Collected data entries
============
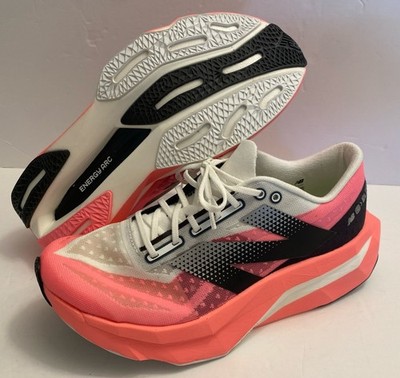 New Balance FuelCell SuperComp Elite v4 Sz 6.5 Ultra Pink Marathon Carbon Plate 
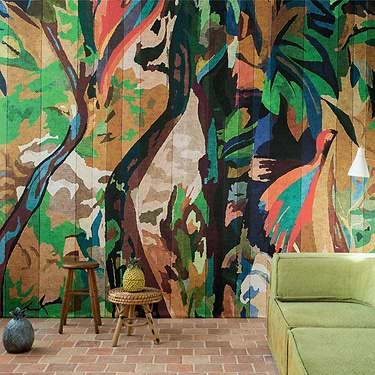 Bégur-wallpaper-Elitis-Selected Wallpapers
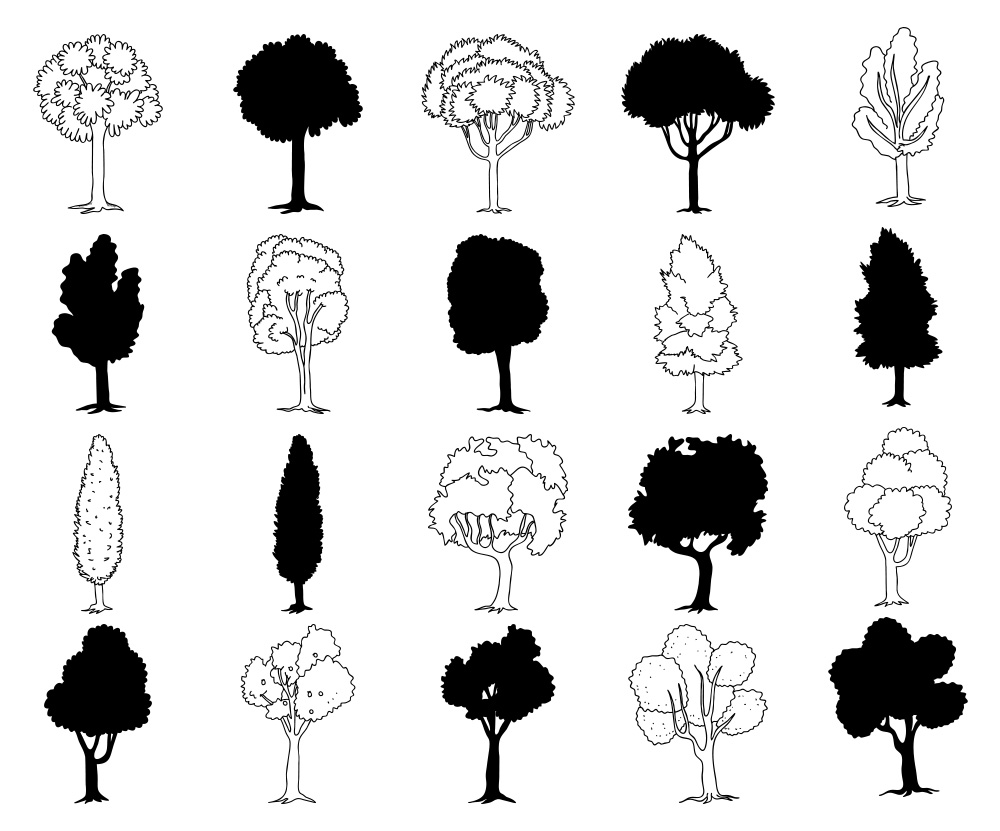 Formes Arbres (11)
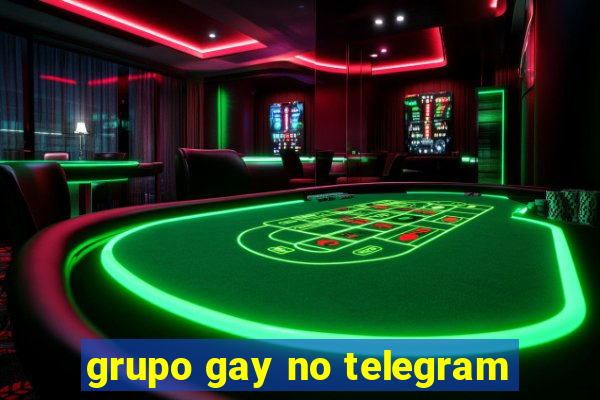 grupo gay no telegram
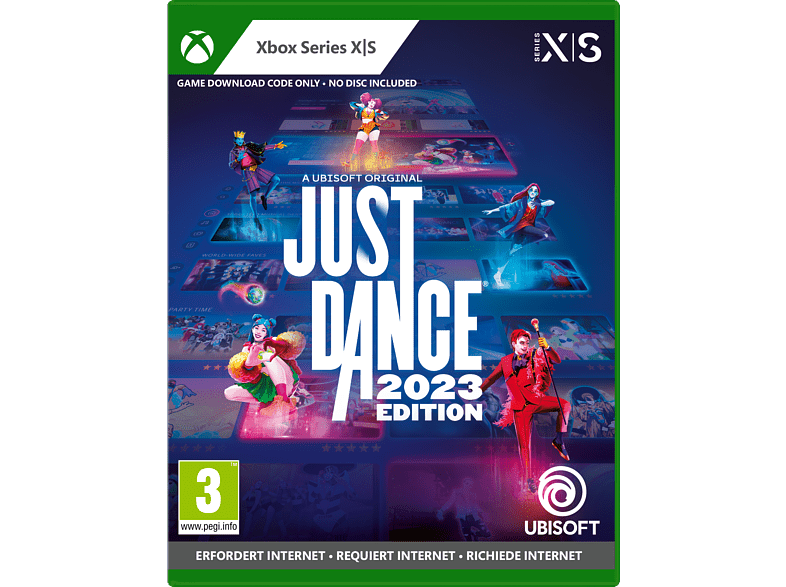 Just Dance 2023 Edition - Xbox Series X|S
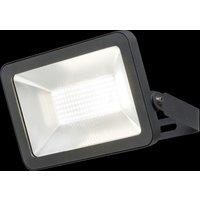 Netlighting Knightsbridge 230V IP65 150W LED Floodlight 4000K FLPA150 in Black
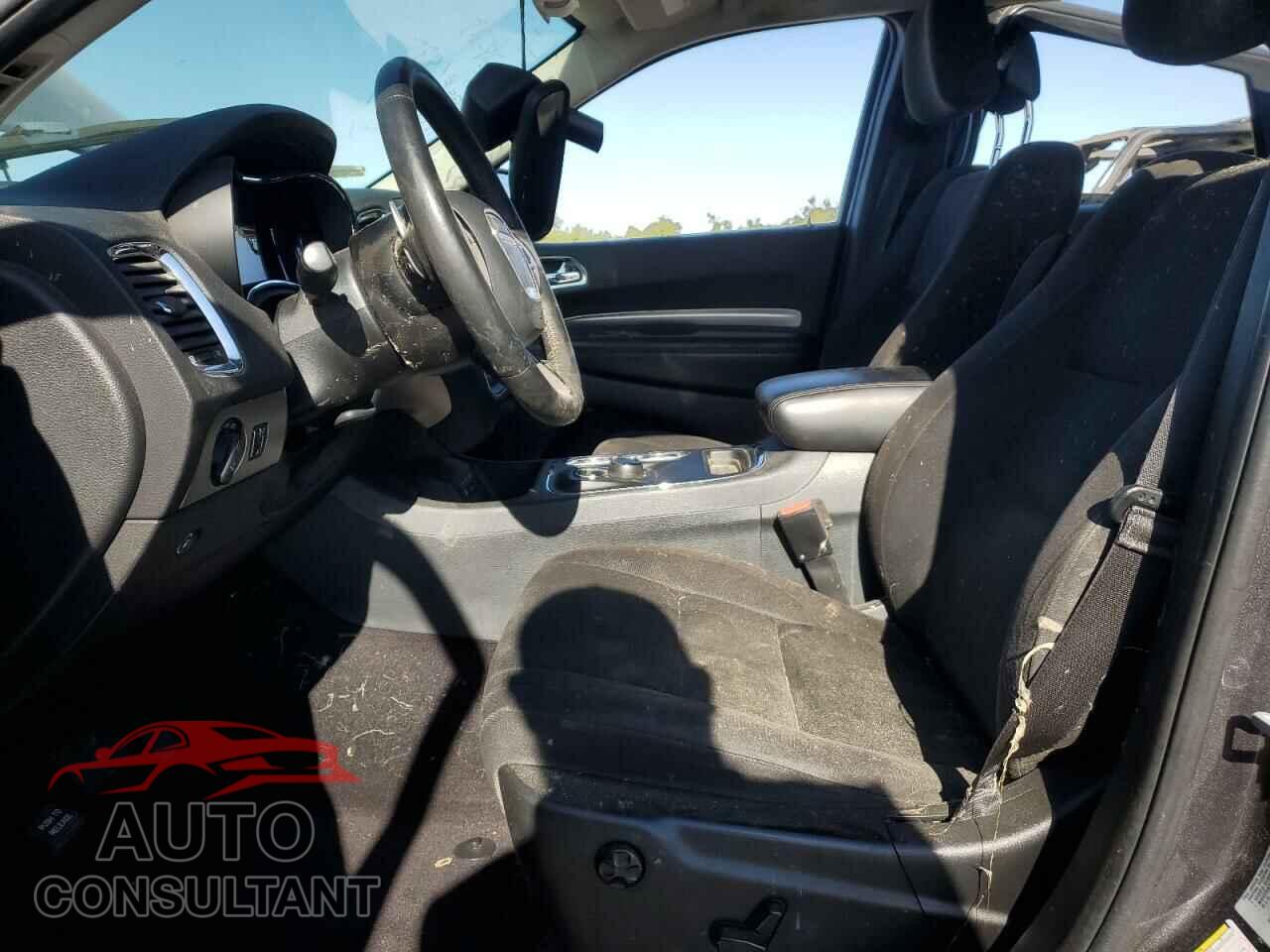 DODGE DURANGO 2017 - 1C4RDHAG0HC917553
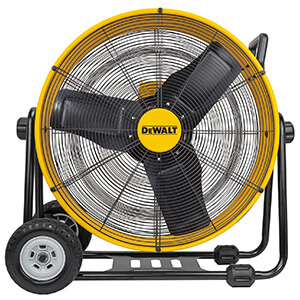 DeWALT 24 Inch High Velocity Shop Fan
============
Your objective ::
When an image appears in the data, skip it and output the rest exactly.

Output of the exercise ::
 New Balance FuelCell SuperComp Elite v4 Sz 6.5 Ultra Pink Marathon Carbon Plate 
 Bégur-wallpaper-Elitis-Selected Wallpapers
 Formes Arbres (11)
 grupo gay no telegram
 Just Dance 2023 Edition - Xbox Series X|S
 Netlighting Knightsbridge 230V IP65 150W LED Floodlight 4000K FLPA150 in Black
 DODGE DURANGO 2017 - 1C4RDHAG0HC917553
 DeWALT 24 Inch High Velocity Shop Fan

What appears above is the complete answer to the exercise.